But writing in public! That’s a race against readers expectations, real or imagined. The bar is much higher there. I don’t mind the squalor of my private entries, but I’ll sure do a vacuum and clean up before letting anyone else see it.
And of course, this cleanup and endless re-writing, produces a better understanding of the idea, better writing. And I wanted that. I want to understand myself and these ideas as clearly as I can. A clear idea is a brick. Bricks build up into a calm confidence in the things I get curious about, including me.
Running
There was a similar struggle when we were training for a marathon. A lot of training is needed, and it starts to suck. You have to make so much time for it, you don’t know how hard to push or when you can take an easy run. Disconnected was how this training was actually going to help.
Until I got a solid cramp.
Not being able to walk the last couple of meters to the car, was eye opening. If that happened on big race day, I’d be in the middle of no-where and likely need to be carried out. Fuck that!
My next training session had renewed purpose, run hard enough to where I think I might cramp. Learn how to deal with that (salt!) and test myself.
Training had to suck. Because race day shouldn’t.
Why I write this
I enjoy writing when I’m teaching a well known idea, but to get there I need to do the hard writing. The painful squeezing. Because I don’t know myself, or the ideas I’m curious about. It’s what makes writing the new, hard. It has to suck.
I write to understand things, myself being the big one. And I publish, because you dear reader, raise the bar of quality — you are the marathon. Without which, I wouldn’t find depth, just journaling alone… rambling in the dark.
Fin.
July adventure update
Climbing is the most awesome sport, you should try it!
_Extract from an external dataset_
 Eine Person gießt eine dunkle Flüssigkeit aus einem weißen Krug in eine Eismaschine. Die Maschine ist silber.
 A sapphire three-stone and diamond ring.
Vancouver is hella expensive.
Looking for summer jobs is hard, but got my first interview tomorrow. It’s for a barista role downtown!
Novel things found
Traffic circle garden.
Guided tour of the neighbourhood cats.
Well said, Josh! I’ve been procrastinating for weeks—Steven Pressfield was right about the resistance. 😉
Josh, this was the piece I needed to read right now. Like you, I’ve gone weeks without publishing. Also, your marathon analogy is spot on. Although writer’s/publishing block is probably less painful than cramp. (At least now I know how to cure it. Salt!)